=== Section Start ===

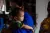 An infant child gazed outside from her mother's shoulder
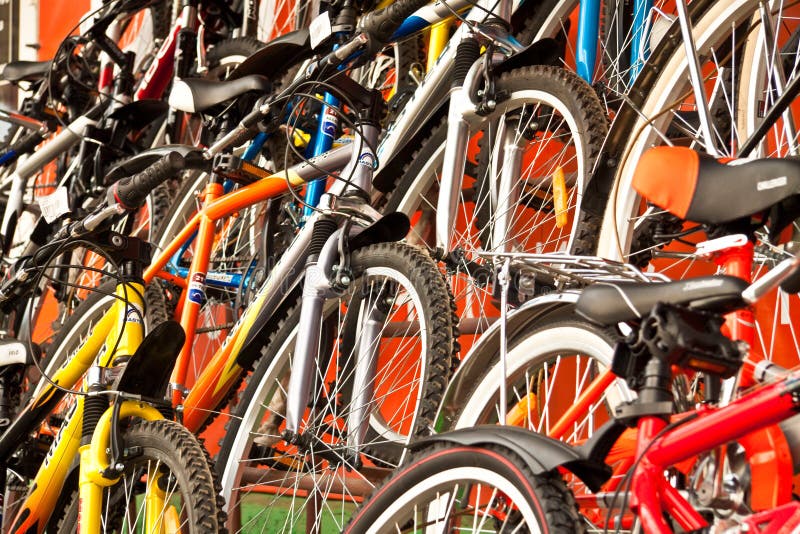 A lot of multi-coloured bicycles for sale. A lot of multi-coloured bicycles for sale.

=== Section End ===
=== Section Start ===

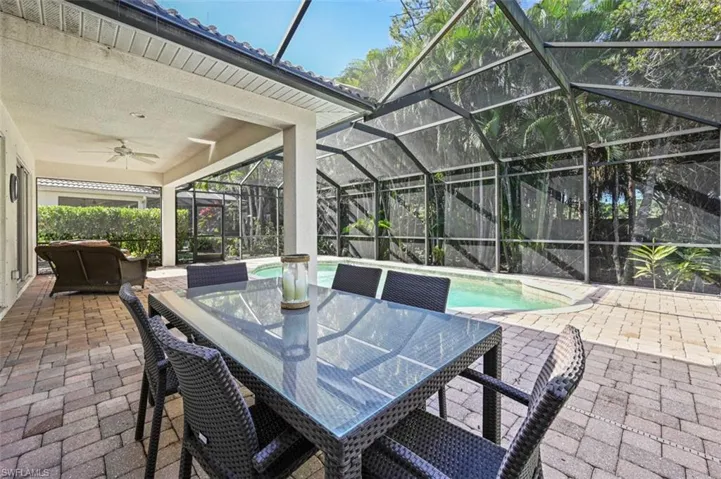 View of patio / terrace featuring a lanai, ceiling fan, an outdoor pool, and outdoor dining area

=== Section End ===

= Task prompt =
Would you give again, exactly, the lines in the data above that run from the line containing "An infant child" to the line containing "A lot of multi-coloured bicycles for sale. A"? Include both ends and no pictures.

= Written response =
 An infant child gazed outside from her mother's shoulder
 A lot of multi-coloured bicycles for sale. A lot of multi-coloured bicycles for sale.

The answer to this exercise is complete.